Sur scène, donc, Sophie Desmarais propose une performance de haut calibre; elle qui n’a certainement plus besoin de faire ses preuves, là voilà tout de même à sembler vouloir sortir d’elle-même, se réinventer. D’autant plus que certaines répliques de la pièce, notamment la dérision entourant le fait que Jodie est « comédienne » (le tout lancé sur un ton presque méchant), permettent de tracer des parallèles avec la vie de Mme Desmarais elle-même.

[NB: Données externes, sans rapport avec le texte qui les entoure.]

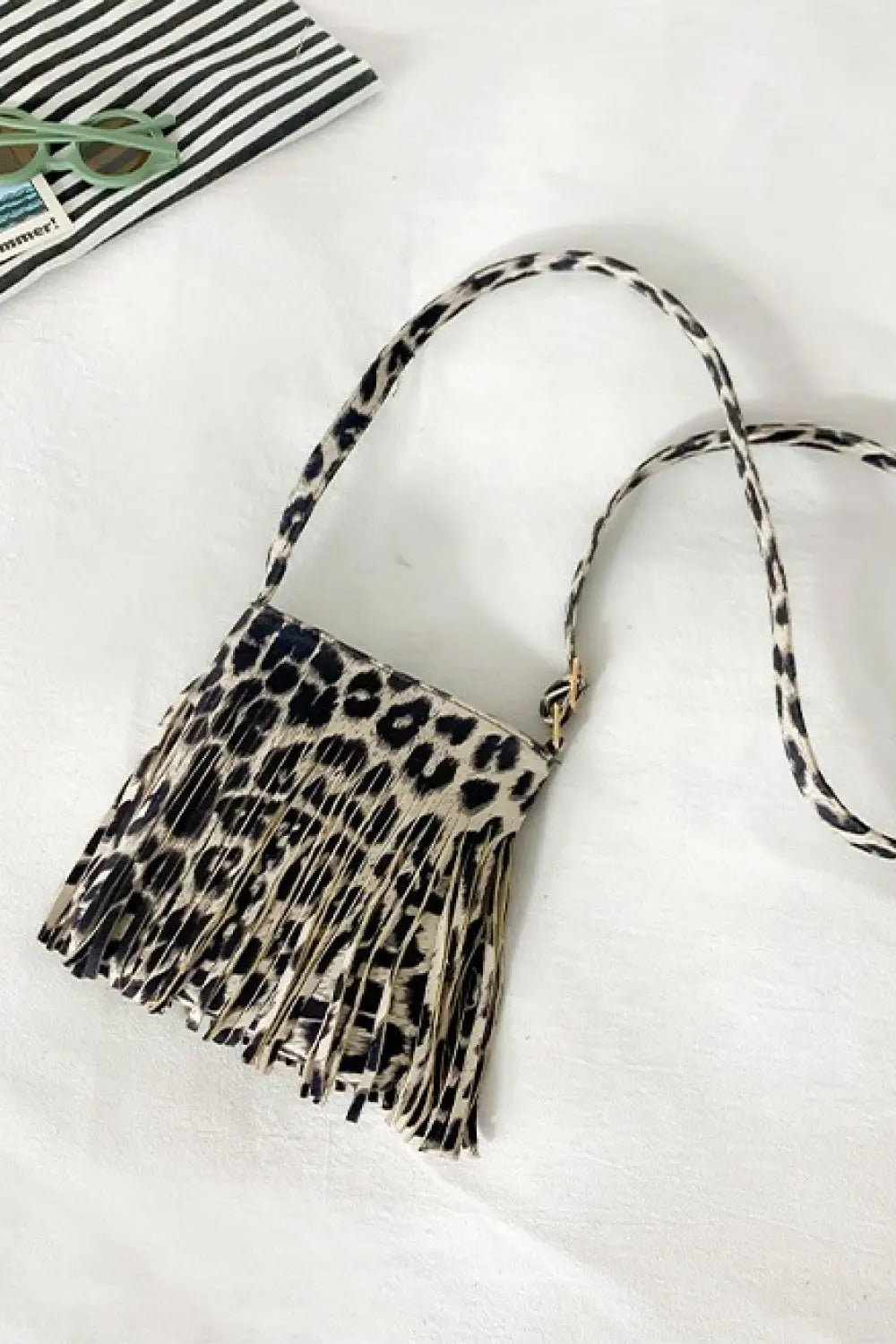 PU Leather Crossbody Bag with Fringe - GlossiChic Collection Ochre / One Size GlossiChic Collection handbags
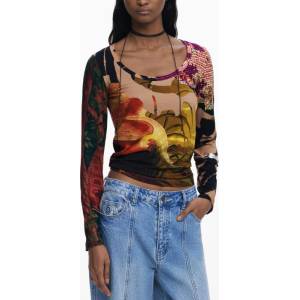 DESIGUAL Дамска тениска с дълъг ръкав desigual, Размер s, Цвят Кафяво (25wwtk38_ma3035)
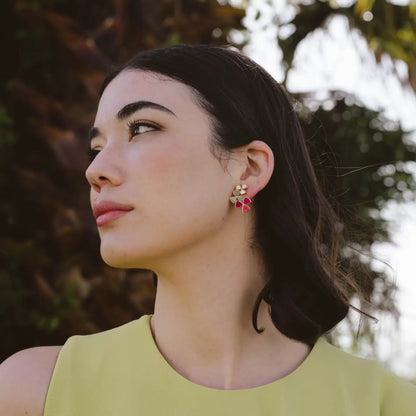 Pendientes Zinia Blanco, Verde agua y Fucsia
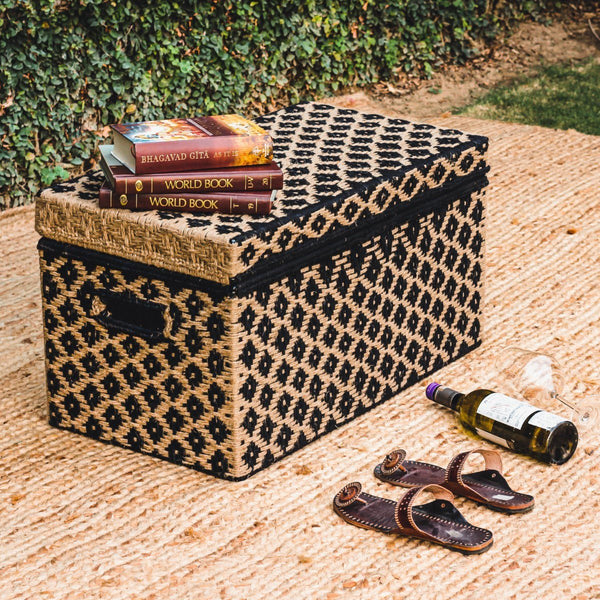 Buy Staid Jute & Black Cotton Trunk | Shop Verified Sustainable Organisers on Brown Living™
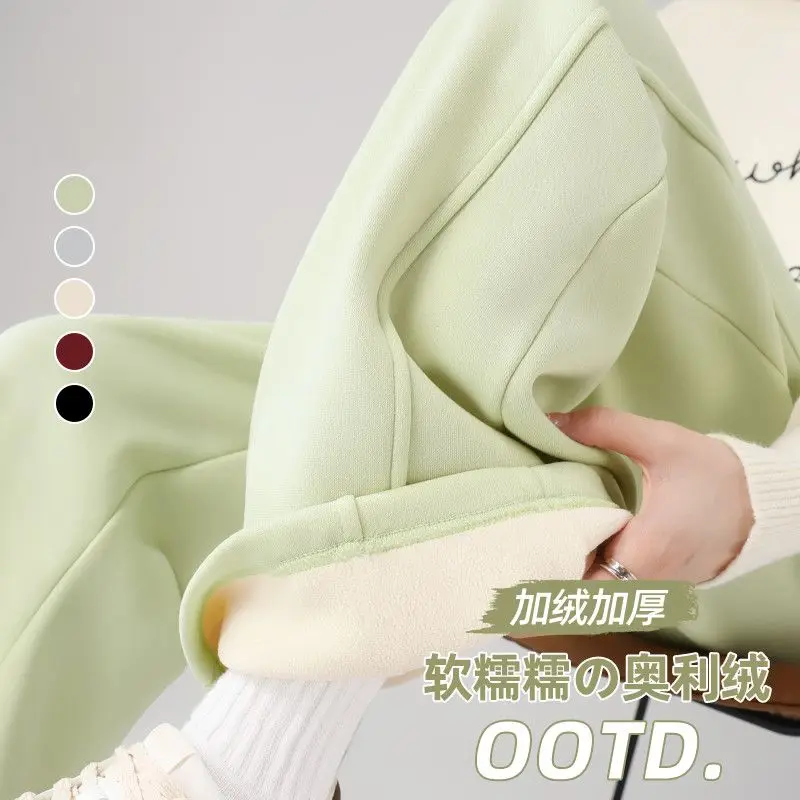 ใหม่ฤดูหนาวหนากางเกงผ้าฝ้ายอุ่นสําหรับผู้หญิงกางเกงขากว้างบางและแคบสําหรับฤดูใบไม้ผลิ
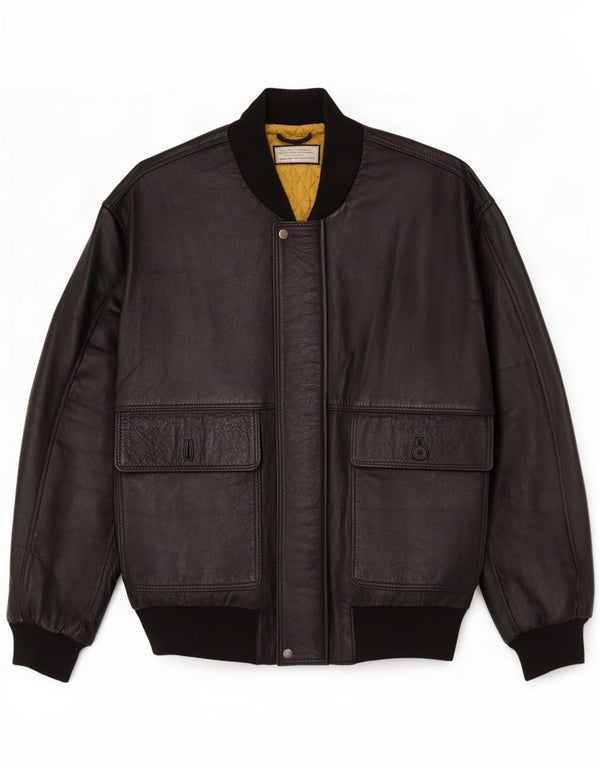 Giacca in pelle vintage da uomo UK 38 media nera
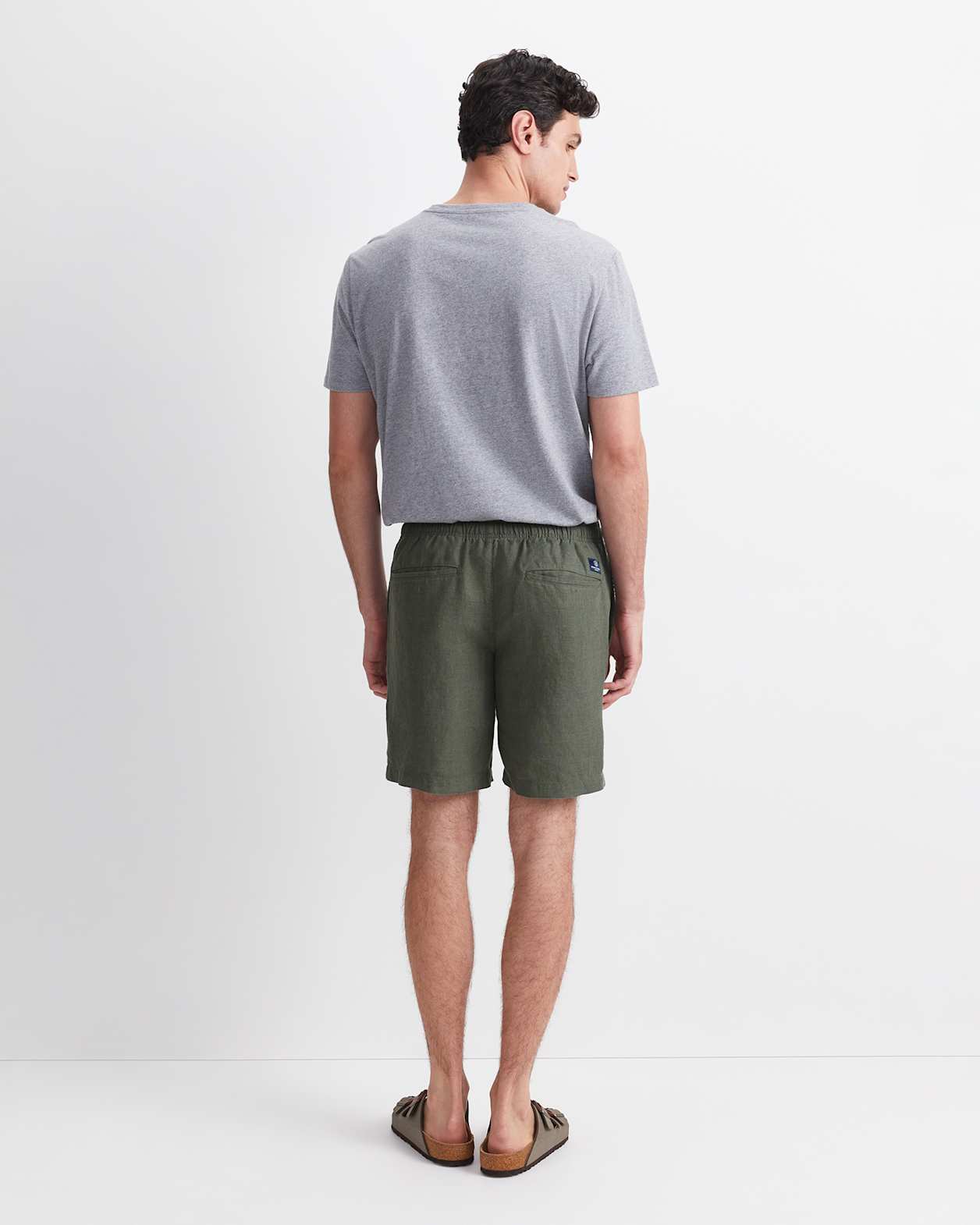 Caffery Yarn-Dyed Linen Short in KHAKI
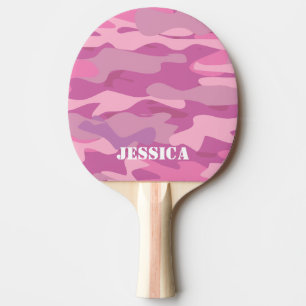 Pink army camouflage ping pong paddle for girls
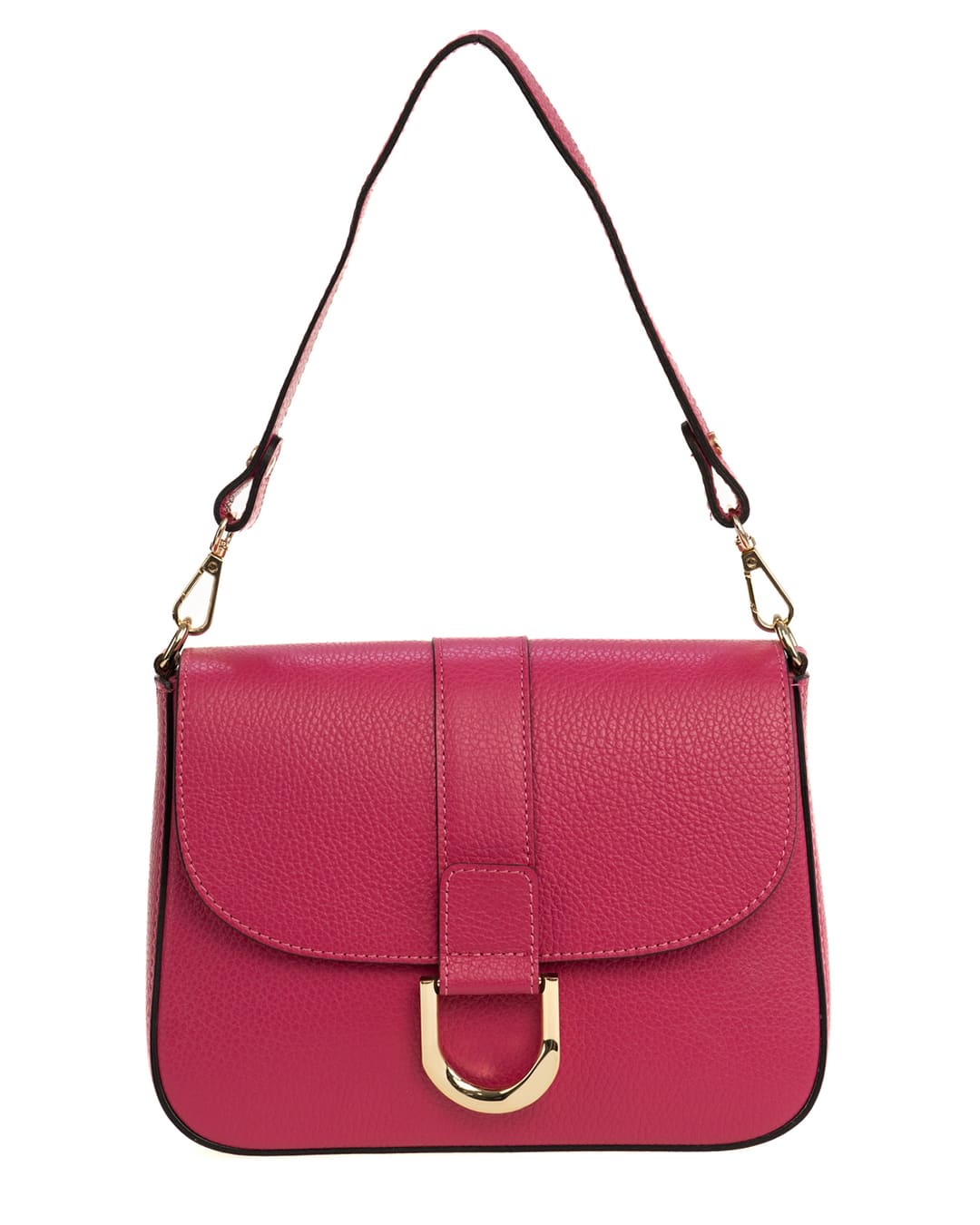 INES Borsa a spalla in vera pelle martellata fucsia con tracolla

Cela étant dit, et sans égard au talent de l’actrice, justement, on a l’impression que The One Dollar Story a davantage été écrite comme exercice de style que comme véritable pièce de théâtre destinée à être jouée sur scène. Le choix du solo, par exemple, mais avec d’autres personnages également joués par Mme Desmarais, crée une atmosphère bien étrange où l’oeuvre est contrainte par son propre cadre, et cela lui nuit, tout au long des 90 minutes que durera la représentation.
Ajoutez à cela une impression d’avoir transposé de force un contexte quasi uniquement américain sur la scène du Prospero, avec moult références géographiques et culturelles parfois obscures, et vous obtenez une pièce de théâtre qui, encore une fois, la qualité du jeu mise à part, laisse les spectateurs sur leur faim.
The One Dollar Story, de Fabrice Melquiot; avec Sophie Desmarais, présenté au Théâtre Prospero jusqu’au 16 avril.